It would allow doing “shared counters” and other things like that, but it would fail spectacularly when users didn’t understand the locking/unlocking, and I can’t see that it’s very easy to “warn” if they do it wrong. But, it’s the only way I can see that you could actually achieve what was asked for in a thread-safe, not “by luck”, manner.

Answering to your post Java223 Scripting - Script with Java on openHAB [5.0.1.0,6.0.0.0) - #75 by Nadahar in the old thread:

Yes, the synchronisation requirement is language specific. Partly, synchronisation is done inside the OpenhabGraalJSScriptEngine implementation and the add-on code, but in case of the Script***Handler, we need to synchronise in core to synchronise the full block of setting execution context, execute, resetting execution context. Please note that that locking mechanism in core is fully optional, you have to implement Lock with your ScriptEngine to enable it. If you don‘t want it, simply don‘t implement the Lock interface.

Yes. I originally meant that ScriptEngine and Polyglot Engine are different contexts, but yes, you also have the JSR223 and the GraalVM Polyglot Context. But the contexts correspond to each other/are the same from the point of view of what‘s (e.g. variable values) in the environment of the script.

Do they really do? E.g. for NashornJS, you only get a ScriptEngine implementation from the JDK (or now, the additional package) and don‘t know about its internals. You only have the JSR223 context for Nashorn.
The main difference for Graal is, that you don‘t simply get a ScriptEngine instance (if Graal even provided such a wrapper for its Context), but you have access to the underlying mechanics, which are the Graal Polyglot Context and Graal Polyglot Engine.

I think directly handling Graal contexts in core would allow for getting rid of the ScriptEngine wrappers wrapping Graal contexts, but I don‘t think that would really change much. It would mainly allow us to get rid of wrappers like openhab-addons/bundles/org.openhab.automation.pythonscripting/src/main/java/org/openhab/automation/pythonscripting/internal/graal/GraalPythonScriptEngine.java at 4440af9d1ac4a43ffd0df4cd8a57a6eaea52dcff · openhab/openhab-addons · GitHub,

I think its existence might make more sense when checking where and how it is used in other places, but I am out when its comes to answering that question. That code likely is as old or even older than my openHAB user experience …

I can‘t recall such a change, and the Git history also included nothing obvious here: openhab-core/bundles/org.openhab.core.automation.module.script/src/main/java/org/openhab/core/automation/module/script/internal/ScriptEngineManagerImpl.java at 51110e96cb882f2fa0f35523561c254df7fa81de · openhab/openhab-core · GitHub & History for bundles/org.openhab.core.automation.module.script/src/main/java/org/openhab/core/automation/module/script/internal/handler/AbstractScriptModuleHandler.java - openhab/openhab-core · GitHub

I would expect that new engines have always been created for every script, otherwise you‘d need to manually save and restore the JSR223 context (variable states for example) when executing different scripts with a single engine, which probably would‘t work as it would require handling native language objects in Java.

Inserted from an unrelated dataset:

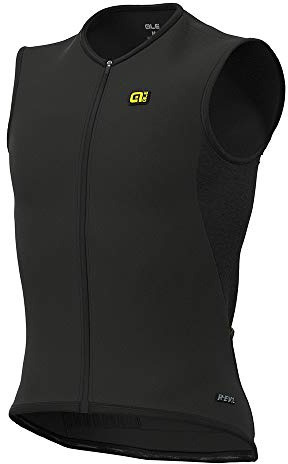 Alé Cycling R-ev1 Clima Protection Thermo Gilet, Noir, XS Homme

With that reasoning I don‘t think that JSR223 engines can be reused to execute different scripts, so it also doesn‘t make sense to split core handling for JSR223 ScriptEngine and Graal Polyglot Context. If my assumption is wrong, it could make sense to split, but TBH I don‘t want to go down that rabbit hole.

Due to a multi-threading limitation in GraalJS (the JavaScript engine used by JavaScript Scripting), it is not recommended to store JavaScript objects in the shared cache. Multi-threaded access to JavaScript objects will lead to script execution failure! You can work-around that limitation by either serialising and deserialising JS objects or by switching to their Java counterparts.

Timers as created by createTimer can be stored in the shared cache. The ids of timers and intervals as created by setTimeout and setInterval cannot be shared across scripts as these ids are local to the script where they were created.

(From JavaScript Scripting - Automation | openHAB)

It seems I recalled wrongly when stating that timers can‘t be put into the shared cache, sorry. (The above war written by me, so I think I have reasonably verified it back then and only my memory was not correct about it.)

The JS API to the cache prints a warning to the log when putting a JS object into the shared cache.

I agree. When wanting to pass a collection of key value pairs from JS to Python (for example), JS objects obviously aren‘t supported in Python, so I would very likely decide to use a Java Map, as both languages can use this. Then I will be fine. When going with the JS object, Graal will convert it to a Map, we will probably have multi-threading problems, and I still have to use a Map in Python — so I can simply use the Map in JS as well, as I already know how to use it.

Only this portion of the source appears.